A massive earthquake measuring 7.9 magnitude struck west of the ancient Nepali capital of Kathmandu on Saturday, the U.S. Geological Survey said. The quake, initially measured at 7.7 but upgraded to 7.9 magnitude, was only 2 km deep.
The death toll is unclear and expected to rise significantly as walls of several houses reduced to rubble in Kathmandu, where the buildings are home to large families.The death toll has risen to 449, most of it in the Kathmandu Valley, police said
At the main hospital in Kathmandu, people with broken limbs and arms were being rushed in for treatment. It was also unclear how many people were injured.

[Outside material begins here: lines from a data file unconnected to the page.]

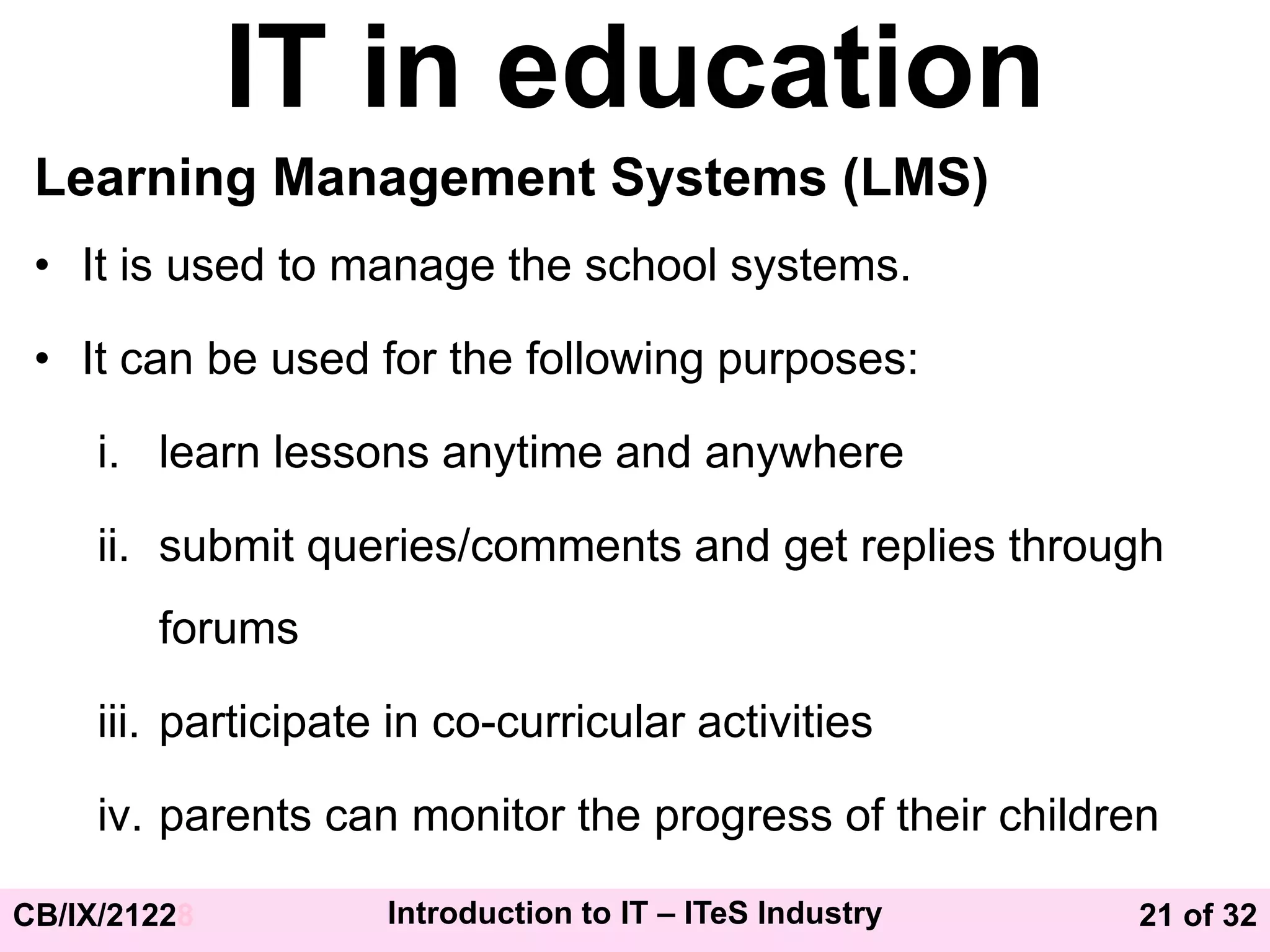 21 of 32
CB/IX/21228 Introduction to IT – ITeS Industry
IT in education
Learning Management Systems (LMS)
• It is used to manage the school systems.
• It can be used for the following purposes:
i. learn lessons anytime and anywhere
ii. submit queries/comments and get replies through
forums
iii. participate in co-curricular activities
iv. parents can monitor the progress of their children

Several buildings collapsed in the centre of the capital, the ancient Old Kathmandu, including centuries-old temples and towers. Among them was the Dharahara Tower, one of Kathmandu's landmarks built in the 1800s and a UNESCO-recognised historical monument. It was reduced to rubble and there were reports of people trapped underneath.
A 6.6-magnitude aftershock hit about an hour after the initial quake. Photographs posted online showed large cracks along roads and residents sitting in the street holding babies. National radio warned people to stay outdoors and maintain calm because more aftershocks were feared.
According to the reports, Nepal networks lost global Internet connectivity after the earthquake.
"Most new high rises in #Kathmandu ok, old buildings down. Temples reduced to rubble," Kunda Dixit, the editor of the Nepali Times newspaper, posted on Twitter. "Aftershocks were major jolts almost as severe as the main quake."
Tremors were felt as far away as New Delhi, Lahore in Pakistan and Lhasa in Tibet, 550 kilometres east of Kathmandu.
A 1934 quake of magnitude 8.3 in the impoverished Himalayan nation killed over 8,500 people.